## Activity:
Write out the material in full, matching each line exactly.

## Source data:

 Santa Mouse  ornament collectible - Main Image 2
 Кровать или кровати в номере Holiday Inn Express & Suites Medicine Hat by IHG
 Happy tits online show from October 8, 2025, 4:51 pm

## The answer:
 Santa Mouse  ornament collectible - Main Image 2
 Кровать или кровати в номере Holiday Inn Express & Suites Medicine Hat by IHG
 Happy tits online show from October 8, 2025, 4:51 pm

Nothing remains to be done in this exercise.